Exodus 16:19 “Let no one leave any of it ‘till morning.”

Observation: The nation of Israel was in the Wilderness of Sin after the Exodus from Egypt, and they “….complained against Moses and Aaron…” (v.2) Essentially, they said they had rather died in Egypt’s slavery where meat and bread were available then live as a free people being led by God. So the Lord promised to give them bread from heaven each morning which they could gather and always have enough. But each man was to gather according to his ned and the need of those in his tent. Moses had specifically instructed that no leftovers should be kept. Some disobeyed, though, but found their stash stank, filled with worms.

Application: After 400 years as slavery it is understandable that some would be slow to comprehend that they now were under a new Master, a Divine one deeply committed to meeting their needs. So they disobeyed God’s admonition not to hoard and found everything they stored up simply wasting away.
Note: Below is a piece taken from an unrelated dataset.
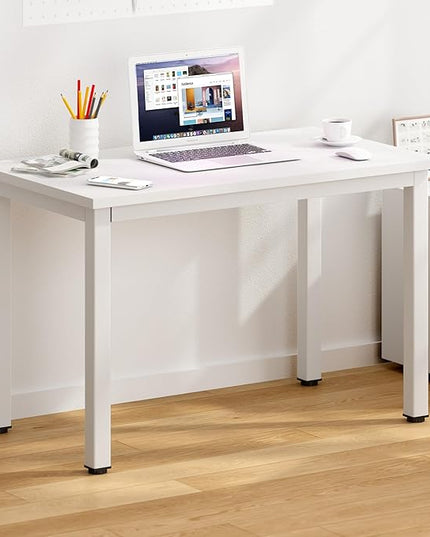DlandHome Computer Desk, 31.5 inch Modern Simple Desk Computer Table Study Writing Desk for Home Office, White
Yet on the sixth day they were to gather a two-day supply to tide them over through Sabbath, and found that the sixth day supply did not rot.

God seems to have been purposeful in His strategy to teach His children to rely just upon Him. Hoarding was antithetical to trusting, and He was demanding total trust. At that stage of their desert wanderings they could not have imagined that forty more years stretched before them, but God knew their future. He knew how essential it was that they learn to trust Him for their daily provision. So whatever they tried to store up was done in the flesh. It was old man thinking, a slave mentality. And it was a direct affront to God.

I hear in this a foreshadowing of a couple of things God said in 1 Peter 2. Verse 21 says that I am called to identify with Christ whose suffering left me an example to follow. And what was His example? Ver23(b) says, “He committed Himself to Him who juges righteously.”

There is about this the feel of exclusivity…Jesus’ commitment was so complete it was as though He was saying, “Father, if You don’t come through, all is lost. I’m a goner. I have burned all bridges to any other strategy, any other resource but You.”

I wonder: Am I more like Him, or more like a son of slaves? What sort of bank balances do I hold in reserve in case He doesn’t come through? What have I accumulated and hoarded, rather than spent as He directs? Biblical stewardship is straightforwardly simple: using God’s resources as God directs. Anything less is disobedience, and God will lovingly do for me what He did for His chosen ones: He will make it into a stench as I hang on to it rather than to Him.

Prayer: Father, I realize that while I have trusted You in some things, my trust has not embodied the exclusivity You demand. Strip me, Lord, of reliance on any but You, for You judge righteously.